_Data for this exercise_
------------------------------------------------
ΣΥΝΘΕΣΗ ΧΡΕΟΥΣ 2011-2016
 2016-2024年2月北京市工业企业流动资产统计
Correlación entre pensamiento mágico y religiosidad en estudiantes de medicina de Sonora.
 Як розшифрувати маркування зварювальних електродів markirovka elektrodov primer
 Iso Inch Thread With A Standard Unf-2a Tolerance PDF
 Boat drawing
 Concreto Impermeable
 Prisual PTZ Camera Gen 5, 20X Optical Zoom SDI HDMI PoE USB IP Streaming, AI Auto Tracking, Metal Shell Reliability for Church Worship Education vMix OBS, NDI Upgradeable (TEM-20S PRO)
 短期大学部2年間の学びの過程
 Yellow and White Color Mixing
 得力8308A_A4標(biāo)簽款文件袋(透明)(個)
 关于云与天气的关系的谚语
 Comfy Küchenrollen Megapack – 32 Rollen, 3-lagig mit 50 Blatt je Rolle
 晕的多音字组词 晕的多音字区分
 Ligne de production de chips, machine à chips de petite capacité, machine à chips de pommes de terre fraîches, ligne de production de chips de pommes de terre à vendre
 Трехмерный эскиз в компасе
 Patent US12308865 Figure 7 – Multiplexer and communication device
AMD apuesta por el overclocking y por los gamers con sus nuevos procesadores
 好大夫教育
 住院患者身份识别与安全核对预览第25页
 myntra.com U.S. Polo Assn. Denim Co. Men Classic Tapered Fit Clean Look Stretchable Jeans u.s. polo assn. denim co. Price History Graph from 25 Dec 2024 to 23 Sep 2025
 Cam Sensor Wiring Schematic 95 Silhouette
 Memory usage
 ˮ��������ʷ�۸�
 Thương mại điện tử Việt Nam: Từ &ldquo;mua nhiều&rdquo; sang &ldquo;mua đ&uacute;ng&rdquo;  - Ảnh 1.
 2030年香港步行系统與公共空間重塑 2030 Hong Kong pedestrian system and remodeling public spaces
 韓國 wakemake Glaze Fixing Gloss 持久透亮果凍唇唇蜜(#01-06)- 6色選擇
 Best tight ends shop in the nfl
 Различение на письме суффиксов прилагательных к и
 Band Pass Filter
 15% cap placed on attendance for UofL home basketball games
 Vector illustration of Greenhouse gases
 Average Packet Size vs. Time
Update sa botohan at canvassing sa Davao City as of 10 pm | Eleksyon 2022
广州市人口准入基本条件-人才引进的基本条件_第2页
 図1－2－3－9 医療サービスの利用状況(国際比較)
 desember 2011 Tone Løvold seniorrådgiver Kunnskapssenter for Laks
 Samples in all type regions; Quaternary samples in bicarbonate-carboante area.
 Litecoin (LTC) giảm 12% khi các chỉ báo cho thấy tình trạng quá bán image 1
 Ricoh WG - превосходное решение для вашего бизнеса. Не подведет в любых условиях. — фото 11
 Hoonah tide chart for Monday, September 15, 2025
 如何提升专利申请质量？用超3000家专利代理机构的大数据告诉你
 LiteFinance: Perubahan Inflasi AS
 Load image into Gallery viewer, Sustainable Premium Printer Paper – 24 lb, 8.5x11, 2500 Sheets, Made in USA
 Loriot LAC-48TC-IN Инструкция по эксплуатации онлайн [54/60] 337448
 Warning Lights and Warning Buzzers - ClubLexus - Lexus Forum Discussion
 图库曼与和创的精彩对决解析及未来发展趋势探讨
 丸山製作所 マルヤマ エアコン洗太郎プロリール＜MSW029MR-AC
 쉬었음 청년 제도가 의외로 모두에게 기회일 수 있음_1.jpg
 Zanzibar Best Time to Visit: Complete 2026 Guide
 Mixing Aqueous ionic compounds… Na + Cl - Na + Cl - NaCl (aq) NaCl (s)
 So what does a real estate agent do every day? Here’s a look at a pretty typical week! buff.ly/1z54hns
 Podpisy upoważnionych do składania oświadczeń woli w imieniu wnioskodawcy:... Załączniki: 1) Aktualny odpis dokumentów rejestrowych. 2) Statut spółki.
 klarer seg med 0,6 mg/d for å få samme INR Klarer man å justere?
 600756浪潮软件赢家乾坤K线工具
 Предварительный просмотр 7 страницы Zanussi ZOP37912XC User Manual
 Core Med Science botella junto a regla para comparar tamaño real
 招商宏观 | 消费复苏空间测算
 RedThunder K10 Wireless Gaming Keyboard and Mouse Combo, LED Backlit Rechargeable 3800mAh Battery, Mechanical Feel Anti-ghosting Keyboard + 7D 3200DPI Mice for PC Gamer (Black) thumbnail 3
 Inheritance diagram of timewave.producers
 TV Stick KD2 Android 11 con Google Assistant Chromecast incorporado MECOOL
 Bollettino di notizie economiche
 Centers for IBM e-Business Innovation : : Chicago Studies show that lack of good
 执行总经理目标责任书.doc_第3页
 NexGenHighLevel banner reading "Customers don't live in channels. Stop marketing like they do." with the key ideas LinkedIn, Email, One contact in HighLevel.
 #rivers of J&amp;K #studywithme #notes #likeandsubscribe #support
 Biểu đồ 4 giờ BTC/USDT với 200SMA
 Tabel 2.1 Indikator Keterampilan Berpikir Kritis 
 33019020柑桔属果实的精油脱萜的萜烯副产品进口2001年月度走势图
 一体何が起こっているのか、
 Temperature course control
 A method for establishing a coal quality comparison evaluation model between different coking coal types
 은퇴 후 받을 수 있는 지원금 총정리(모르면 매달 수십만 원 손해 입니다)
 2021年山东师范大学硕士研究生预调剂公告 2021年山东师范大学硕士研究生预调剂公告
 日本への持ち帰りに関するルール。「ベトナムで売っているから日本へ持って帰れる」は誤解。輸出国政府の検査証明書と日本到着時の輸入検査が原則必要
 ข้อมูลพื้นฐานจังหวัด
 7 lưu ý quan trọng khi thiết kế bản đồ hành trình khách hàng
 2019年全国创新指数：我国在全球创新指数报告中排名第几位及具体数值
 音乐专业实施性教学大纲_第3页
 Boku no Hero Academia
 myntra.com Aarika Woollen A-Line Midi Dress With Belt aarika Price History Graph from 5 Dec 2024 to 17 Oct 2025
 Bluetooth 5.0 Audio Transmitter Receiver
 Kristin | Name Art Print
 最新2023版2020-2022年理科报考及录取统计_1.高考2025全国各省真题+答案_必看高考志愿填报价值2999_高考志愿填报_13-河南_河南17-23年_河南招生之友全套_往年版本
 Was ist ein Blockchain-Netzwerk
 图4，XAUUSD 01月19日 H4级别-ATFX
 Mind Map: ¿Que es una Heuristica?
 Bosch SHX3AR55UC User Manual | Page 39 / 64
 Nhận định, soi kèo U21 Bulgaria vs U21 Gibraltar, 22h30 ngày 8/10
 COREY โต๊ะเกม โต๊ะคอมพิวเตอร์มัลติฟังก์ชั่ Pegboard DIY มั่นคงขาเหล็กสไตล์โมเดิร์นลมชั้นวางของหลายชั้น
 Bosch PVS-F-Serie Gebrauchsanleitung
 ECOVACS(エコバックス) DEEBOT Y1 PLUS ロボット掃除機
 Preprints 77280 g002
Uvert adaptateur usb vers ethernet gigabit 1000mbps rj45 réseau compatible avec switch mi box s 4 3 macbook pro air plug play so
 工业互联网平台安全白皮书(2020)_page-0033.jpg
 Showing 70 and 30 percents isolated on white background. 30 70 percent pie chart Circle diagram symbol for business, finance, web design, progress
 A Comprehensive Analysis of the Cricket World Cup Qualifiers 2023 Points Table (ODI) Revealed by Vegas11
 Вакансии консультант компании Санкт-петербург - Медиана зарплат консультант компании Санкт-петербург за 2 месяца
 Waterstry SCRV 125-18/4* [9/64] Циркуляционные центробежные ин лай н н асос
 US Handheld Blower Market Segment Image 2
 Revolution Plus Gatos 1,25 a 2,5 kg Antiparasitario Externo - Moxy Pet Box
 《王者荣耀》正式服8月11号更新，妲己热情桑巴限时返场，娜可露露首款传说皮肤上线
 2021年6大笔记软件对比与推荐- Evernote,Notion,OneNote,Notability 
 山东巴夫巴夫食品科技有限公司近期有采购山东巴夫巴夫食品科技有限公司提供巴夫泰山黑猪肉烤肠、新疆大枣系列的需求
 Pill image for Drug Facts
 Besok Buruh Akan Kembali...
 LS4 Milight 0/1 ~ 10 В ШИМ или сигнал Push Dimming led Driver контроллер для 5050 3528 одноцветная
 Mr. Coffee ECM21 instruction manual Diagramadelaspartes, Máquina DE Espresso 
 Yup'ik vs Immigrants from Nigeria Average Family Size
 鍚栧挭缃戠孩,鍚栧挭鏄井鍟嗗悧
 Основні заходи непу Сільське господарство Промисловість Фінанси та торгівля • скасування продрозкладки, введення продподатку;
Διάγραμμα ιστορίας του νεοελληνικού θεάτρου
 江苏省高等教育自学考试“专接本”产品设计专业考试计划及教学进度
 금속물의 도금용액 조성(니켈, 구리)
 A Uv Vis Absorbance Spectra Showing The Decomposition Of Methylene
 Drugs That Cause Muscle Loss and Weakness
------------------------------------------------
_What is expected_
Lines from the beginning of the data above through the line containing "図1－2－3－9 医療サービスの利用状況(国際比較)" are to be returned exactly, and no others.

_Result of the exercise_
ΣΥΝΘΕΣΗ ΧΡΕΟΥΣ 2011-2016
 2016-2024年2月北京市工业企业流动资产统计
Correlación entre pensamiento mágico y religiosidad en estudiantes de medicina de Sonora.
 Як розшифрувати маркування зварювальних електродів markirovka elektrodov primer
 Iso Inch Thread With A Standard Unf-2a Tolerance PDF
 Boat drawing
 Concreto Impermeable
 Prisual PTZ Camera Gen 5, 20X Optical Zoom SDI HDMI PoE USB IP Streaming, AI Auto Tracking, Metal Shell Reliability for Church Worship Education vMix OBS, NDI Upgradeable (TEM-20S PRO)
 短期大学部2年間の学びの過程
 Yellow and White Color Mixing
 得力8308A_A4標(biāo)簽款文件袋(透明)(個)
 关于云与天气的关系的谚语
 Comfy Küchenrollen Megapack – 32 Rollen, 3-lagig mit 50 Blatt je Rolle
 晕的多音字组词 晕的多音字区分
 Ligne de production de chips, machine à chips de petite capacité, machine à chips de pommes de terre fraîches, ligne de production de chips de pommes de terre à vendre
 Трехмерный эскиз в компасе
 Patent US12308865 Figure 7 – Multiplexer and communication device
AMD apuesta por el overclocking y por los gamers con sus nuevos procesadores
 好大夫教育
 住院患者身份识别与安全核对预览第25页
 myntra.com U.S. Polo Assn. Denim Co. Men Classic Tapered Fit Clean Look Stretchable Jeans u.s. polo assn. denim co. Price History Graph from 25 Dec 2024 to 23 Sep 2025
 Cam Sensor Wiring Schematic 95 Silhouette
 Memory usage
 ˮ��������ʷ�۸�
 Thương mại điện tử Việt Nam: Từ &ldquo;mua nhiều&rdquo; sang &ldquo;mua đ&uacute;ng&rdquo;  - Ảnh 1.
 2030年香港步行系统與公共空間重塑 2030 Hong Kong pedestrian system and remodeling public spaces
 韓國 wakemake Glaze Fixing Gloss 持久透亮果凍唇唇蜜(#01-06)- 6色選擇
 Best tight ends shop in the nfl
 Различение на письме суффиксов прилагательных к и
 Band Pass Filter
 15% cap placed on attendance for UofL home basketball games
 Vector illustration of Greenhouse gases
 Average Packet Size vs. Time
Update sa botohan at canvassing sa Davao City as of 10 pm | Eleksyon 2022
广州市人口准入基本条件-人才引进的基本条件_第2页
 図1－2－3－9 医療サービスの利用状況(国際比較)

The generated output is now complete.